Available records
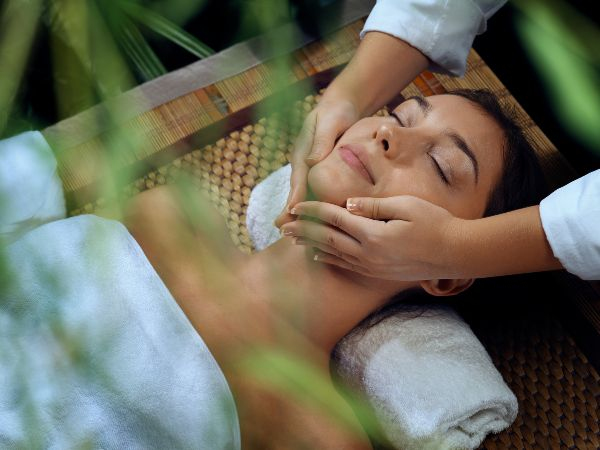 Massagem com bambu aquecido a domicílio – 60 minutos para 1 pessoa com 45% de desconto – Rio de Janeiro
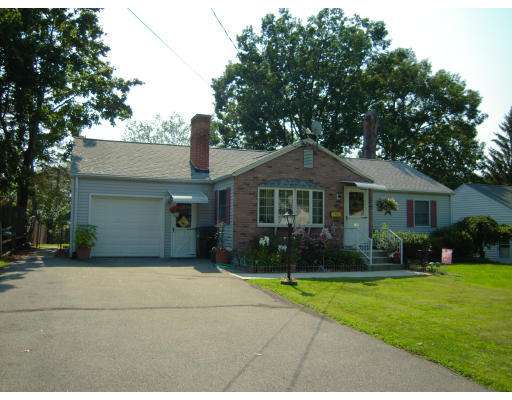 154 Croyden Terrace Springfield, MA 01104 - Photo 1 of 26 Gallery Image 1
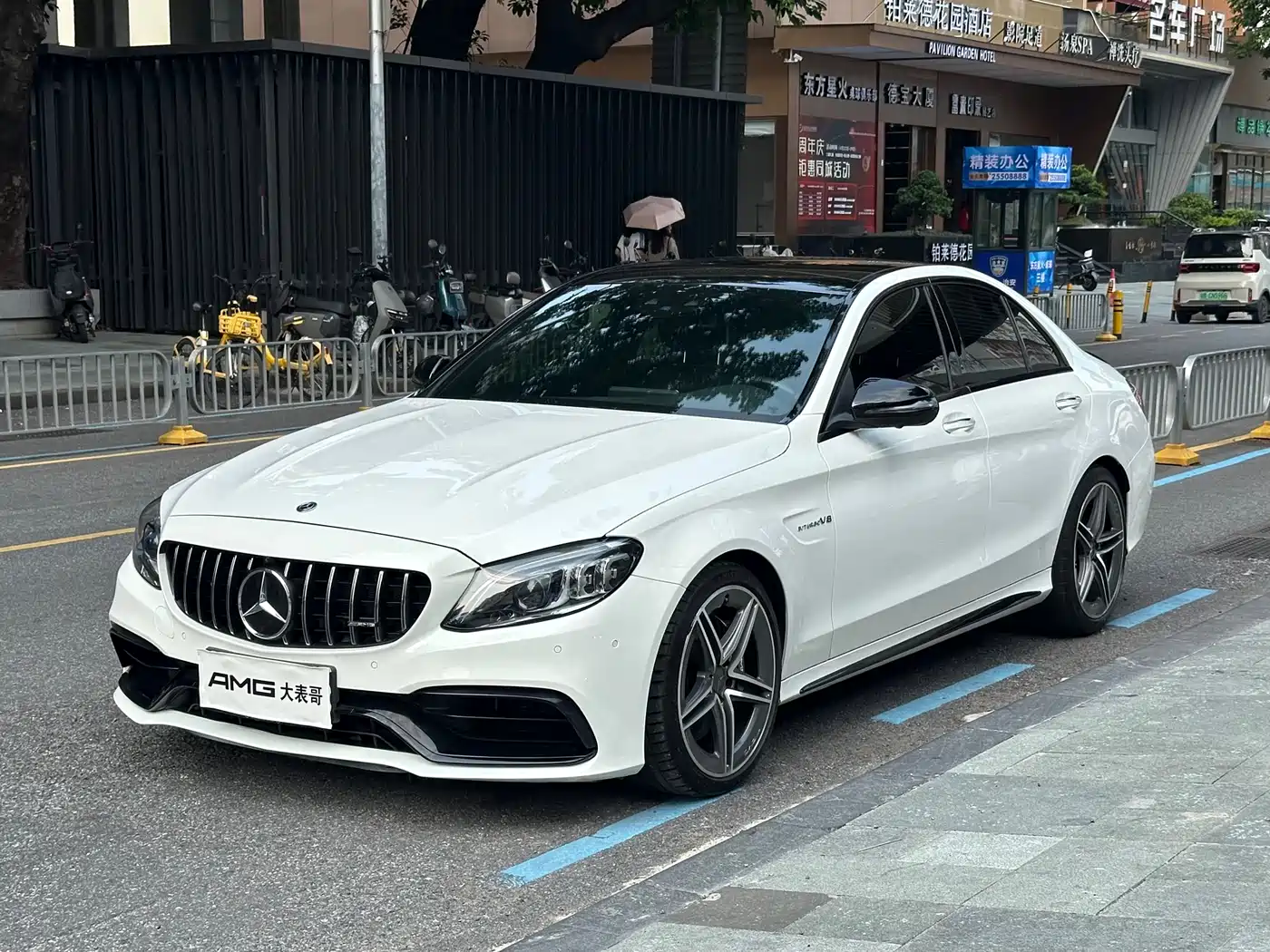 MERCEDES-BENZ C CLASS AMG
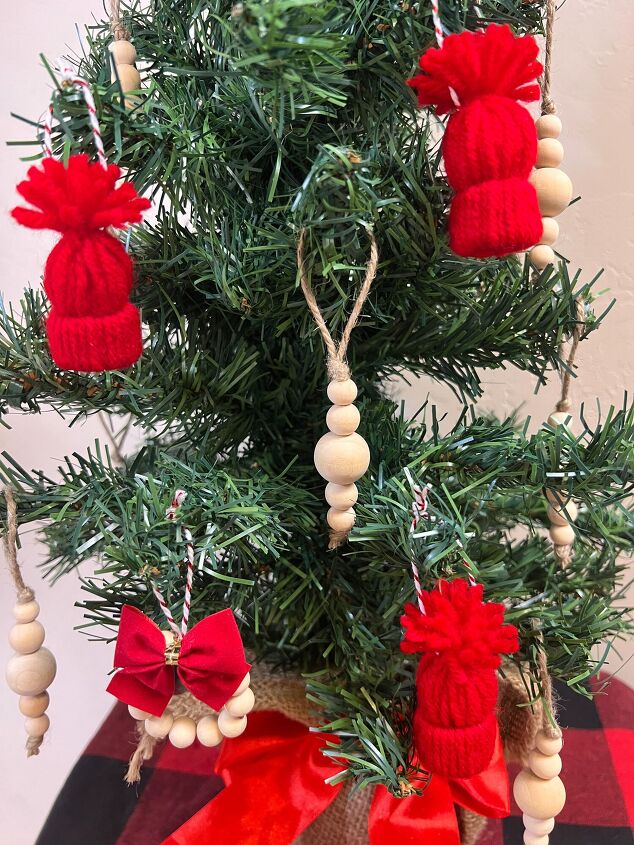 festive red beanie christmas tree ornament, R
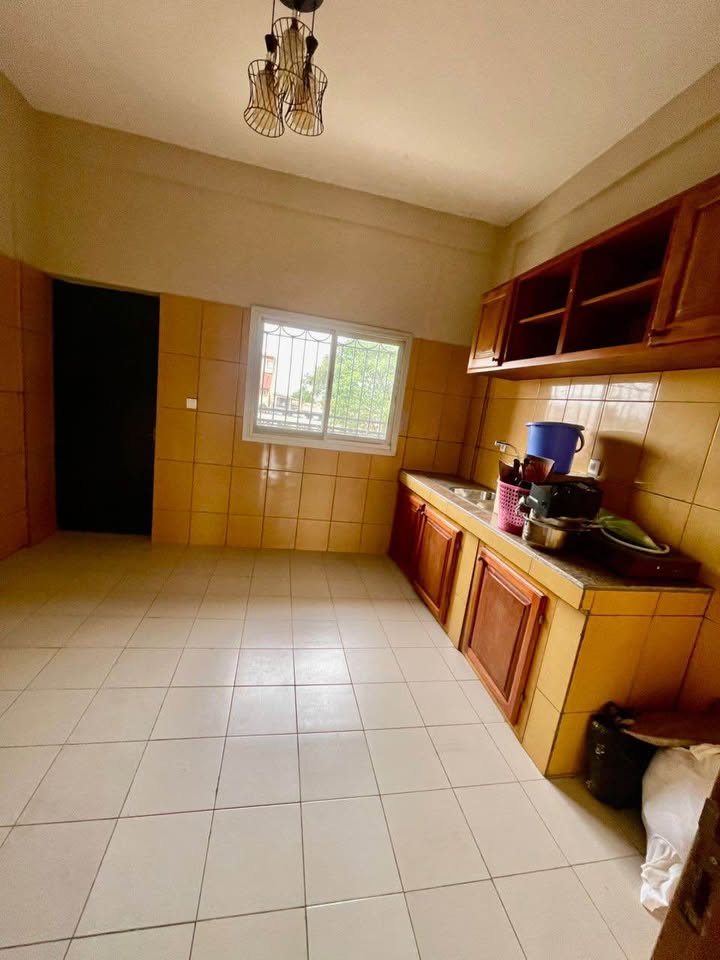 APPARTEMENT HAUT STANDING À LOUER, YAOUNDÉ ESSOS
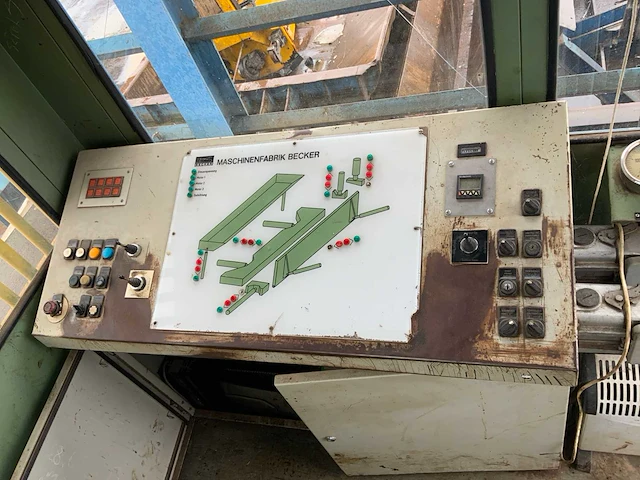 1985 beckers hy-4/500mp vaste schrootschaar 500 ton - afbeelding 31 van  46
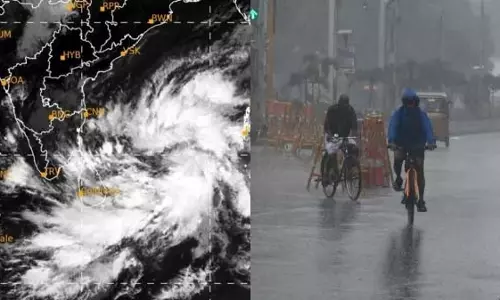 Tamil Nadu: बंगाल की खाड़ी में बना कम दबाव.. 2 दिन के लिए ऑरेंज अलर्ट Tamil Nadu: बंगाल की खाड़ी में बना कम दबाव.. 2 दिन के लिए ऑरेंज अलर्ट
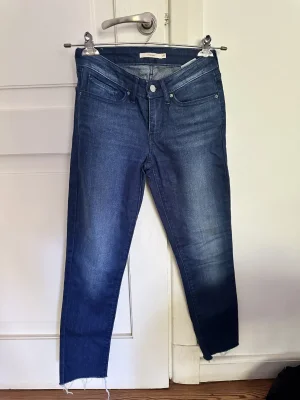 Levi's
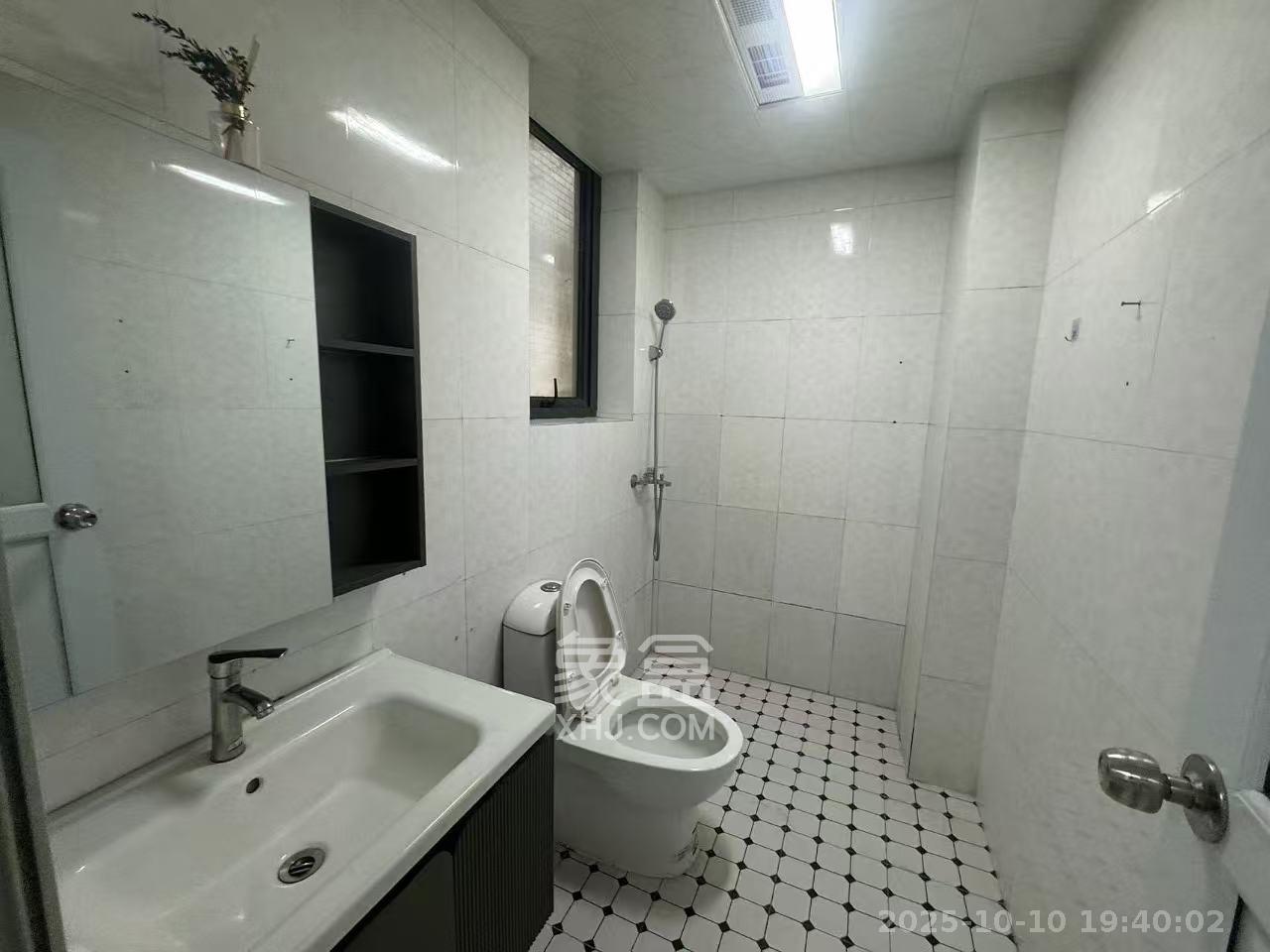 中天广场  1室1厅1卫    2000.0元/月室内图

What the task requires
In your transcription of the listing above, match each line exactly and include no pictures.

Answer to this problem
 Massagem com bambu aquecido a domicílio – 60 minutos para 1 pessoa com 45% de desconto – Rio de Janeiro
 154 Croyden Terrace Springfield, MA 01104 - Photo 1 of 26 Gallery Image 1
 MERCEDES-BENZ C CLASS AMG
 festive red beanie christmas tree ornament, R
 APPARTEMENT HAUT STANDING À LOUER, YAOUNDÉ ESSOS
 1985 beckers hy-4/500mp vaste schrootschaar 500 ton - afbeelding 31 van  46
 Tamil Nadu: बंगाल की खाड़ी में बना कम दबाव.. 2 दिन के लिए ऑरेंज अलर्ट Tamil Nadu: बंगाल की खाड़ी में बना कम दबाव.. 2 दिन के लिए ऑरेंज अलर्ट
 Levi's
 中天广场  1室1厅1卫    2000.0元/月室内图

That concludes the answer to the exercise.